Our area faces several key issues and questions as the new year begins. Some will be new for 2011, others remain from previous years. Here are five of the issues that will unfold over the next 365 days.
Will your job search get easier?
The unemployment rate remains stuck in the teens, but there are signs of hope for the York County job market.
A water bottling company is considering Rock Hill for a plant that would employ 60 people.
Winbro Group Technologies picked Rock Hill for a $10 million facility that will generate 25 new jobs in Waterford Industrial Park.
Tuscarora Yarns is expanding its Clover plant with 40 new workers over the next three years.
Other positive signs: Rock Hill's unemployment rate has dropped below 20 percent - 19.8 - for the first time in 17 months. And the unemployment rates for York, Chester and Lancaster counties were all lower in November than in November 2009.
Are you willing to pay for roads?
Tired of sitting in traffic? York County has a solution for you.
Voters will decide in June whether to approve $161 million in road construction projects with a third "Pennies for Progress" program. Voters initially approved the program in 1997 and extended it in 2003.
A "yes" vote would mean 53 miles of highway widening and safety improvements, plus 39 gravel road paving projects. A "yes" vote also would mean the current 1-cent sales tax for road improvements would be extended for seven years.
"Pennies for Progress is the greatest thing that has ever happened to York County," outgoing Councilman Joe Cox said last month.
Is Rock Hill ready for cycling?
Rock Hill wants to become a nationally recognized hub for amateur cycling.
Crews will soon build a 250-meter concrete velodrome, 1-milepaved road course, 7 miles of mountain bike trails, BMX and BMX Supercross tracks and a cyclocross course.
It's called the Cycling Center of the Carolinas, and the first venues should open by December at the Riverwalk development off North Cherry Road.
How will schools manage more budget cuts?
Each time school officials slashed jobs and cut programs during the last couple of years to keep up with shrinking state money, they expressed hope that things would turn around the next year.

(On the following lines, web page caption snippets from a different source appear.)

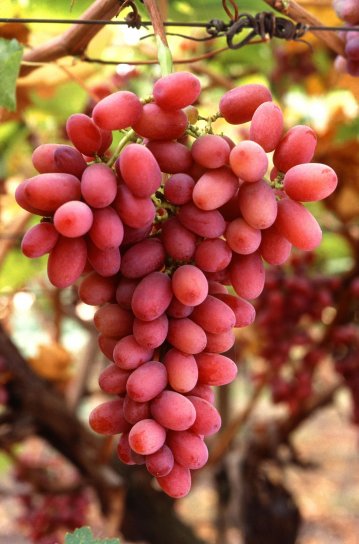 crimson, seedless, grapes, vine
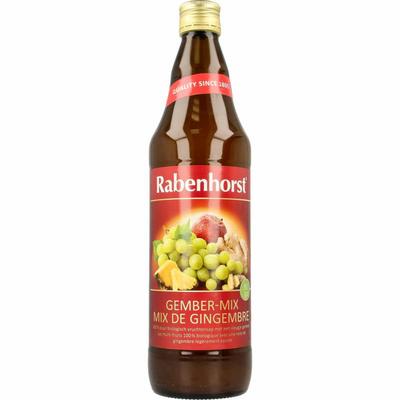 Rabenhorst Ginger mix bio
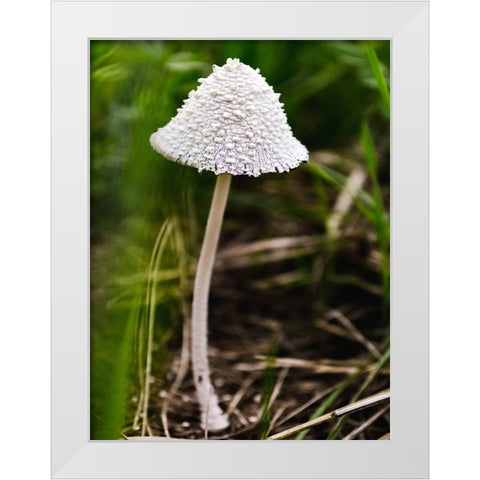 Mushroom 1 White Modern Wood Framed Art Print by Lee, Rachel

Going into 2011, skies don't look any brighter. They might be darker.
The federal stimulus money that dampened the loss for two years runs out this summer. And South Carolina didn't qualify for $143 million in federal aid for schools because of drastic cuts in higher education spending. That leaves 2,600 teacher jobs on the line statewide, according to the S.C. Department of Education.
On top of that, legislators face a potential hole in the state's budget of $800 million for the fiscal year starting July 1, which could mean more cuts for schools.

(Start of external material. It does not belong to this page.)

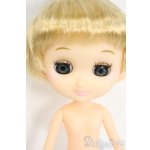 画像: おでこちゃんとニッキ/アンドゥトロワのおでこちゃん Y-26-02-11-117-WT-ZY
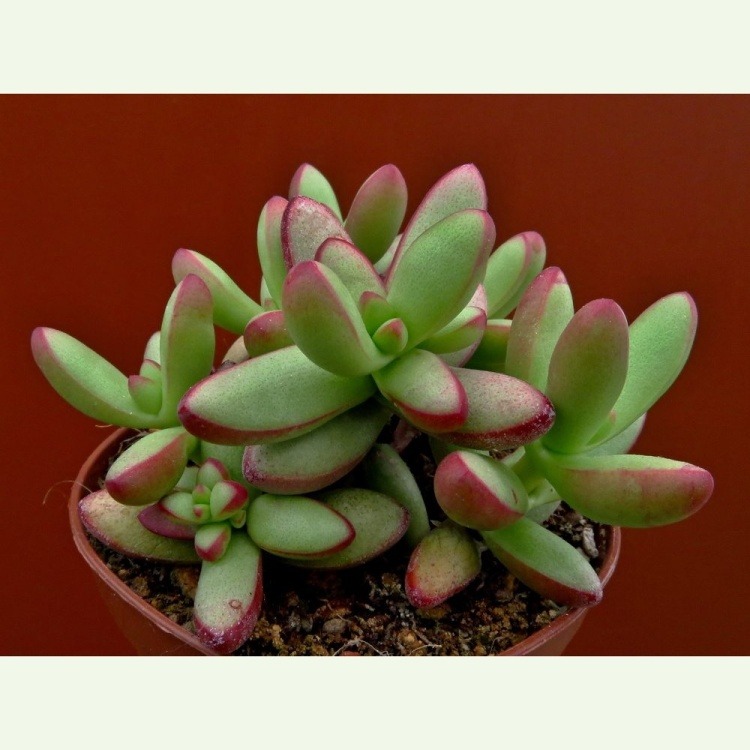 Crassula herrei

It's too early to say how short districts in York, Chester and Lancaster counties could be. And it's unclear how districts would manage.
Most have curbed spending and sent employees on unpaid leave. Rock Hill and Fort Mill have cut programs and laid off employees.
Fort Mill officials have let Banks Trail Middle, a brand new campus, sit empty for a year because they couldn't afford to open it. They plan to partially open it for sixth and seventh graders in August. It's unclear whether potential cuts could kill that idea.
Who is our next football star?
2010 was an amazing year for high school football in Rock Hill.
Quarterback Justin Worley led Northwestern to a state title and became South Carolina's first Gatorade National Player of the Year.
A few miles away, South Pointe defensive end Jadeveon Clowney was ranked as the No. 1 recruit in the nation by Rivals.com and helped the Stallions reach the state championship game.
While Northwestern and South Pointe seek to continue their runs of dominance, the Rock Hill Bearcats must recover from a down season.